# Chapter 3: Processing Raw Text

## 3.1 Accessing Data

I'm unlikely to be downloading a book anytime soon, and RSS feeds are a thing of the past, so we are now looking at downloading a webpage and webs craping. 

### Dealing with HTML
1. The `urllib.urlopen()` method is now deprecated. We need to use `urllib.request.urlopen()`
2. With all the markup in webpages, the best thing to do is to use the [BeautifulSoup](https://www.crummy.com/software/BeautifulSoup/bs4/doc/) library to parse and extract the text data.

In [1]:
import nltk
import urllib
from bs4 import BeautifulSoup

Here's a random article from the Guardian that I want to parse: [Can a pet bunny be happy?](https://www.theguardian.com/world/shortcuts/2019/oct/14/not-cross-bunnies-can-pet-rabbit-be-happy).
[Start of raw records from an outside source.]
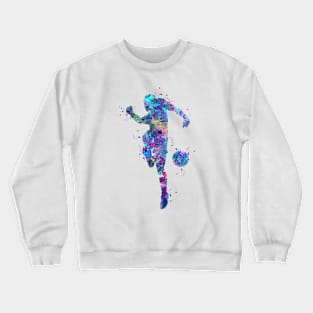 Boy Soccer Player Shooting Pose Watercolor Crewneck Sweatshirt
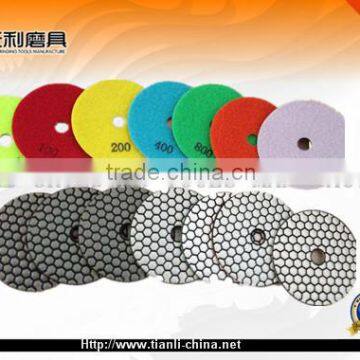 diamond dry flexible polishing pads pasted on grinder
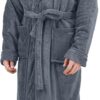 NY Threads Men's Hooded Fleece Bathrobe Plush Long Spa Robe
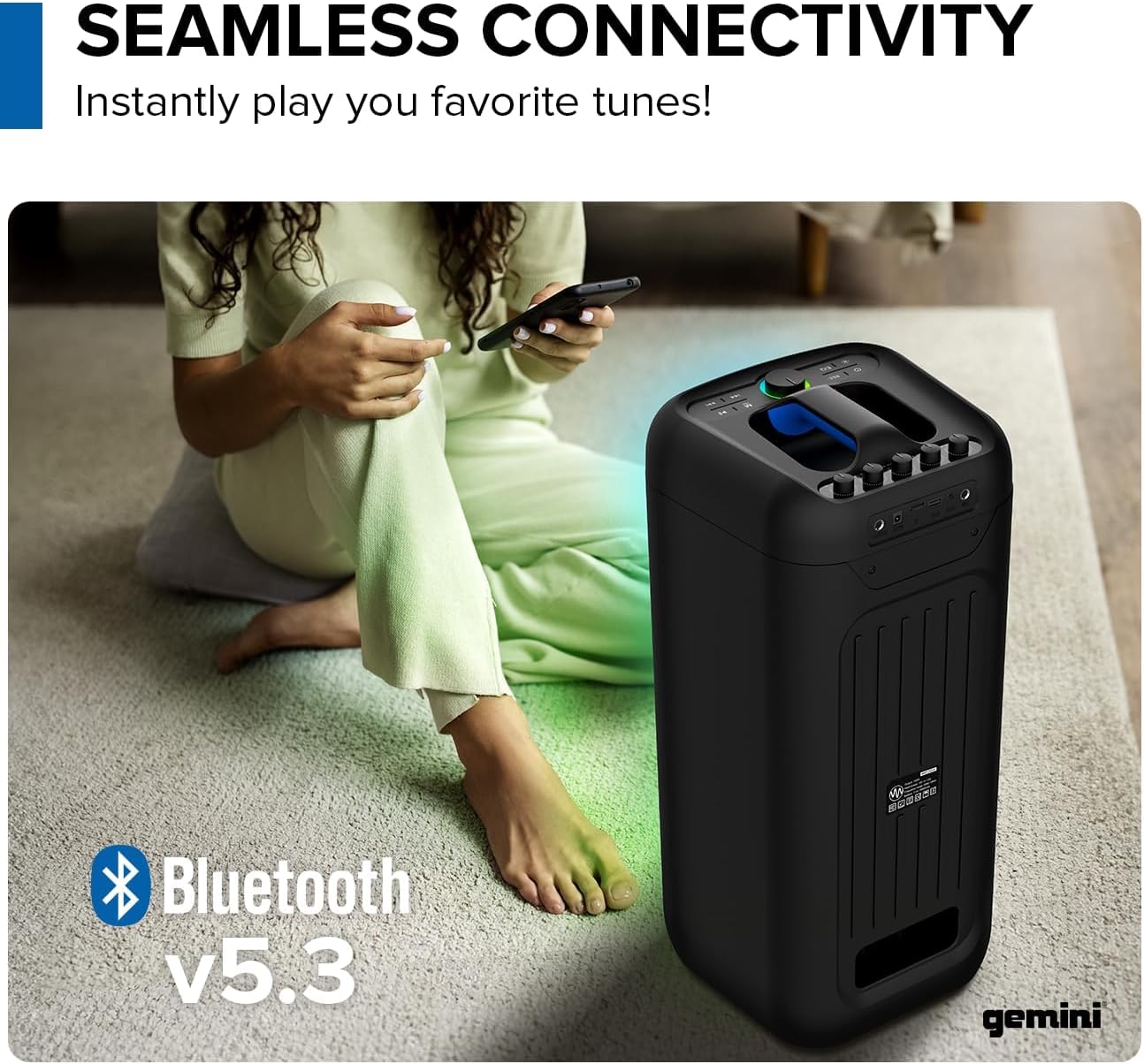 Gemini 200W Portable Bluetooth Party Speaker with Dual 6.5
This page has so much markup that even BeautifulSoup can be a little daunted. `get_text()` does not work!

In [10]:
url = "https://www.theguardian.com/world/shortcuts/2019/oct/14/not-cross-bunnies-can-pet-rabbit-be-happy"
html = urllib.request.urlopen(url).read()

In [26]:
soup = BeautifulSoup(html, 'html.parser')

In [39]:
raw = ' '.join([p.string for p in soup.find_all('p') if p.string is not None])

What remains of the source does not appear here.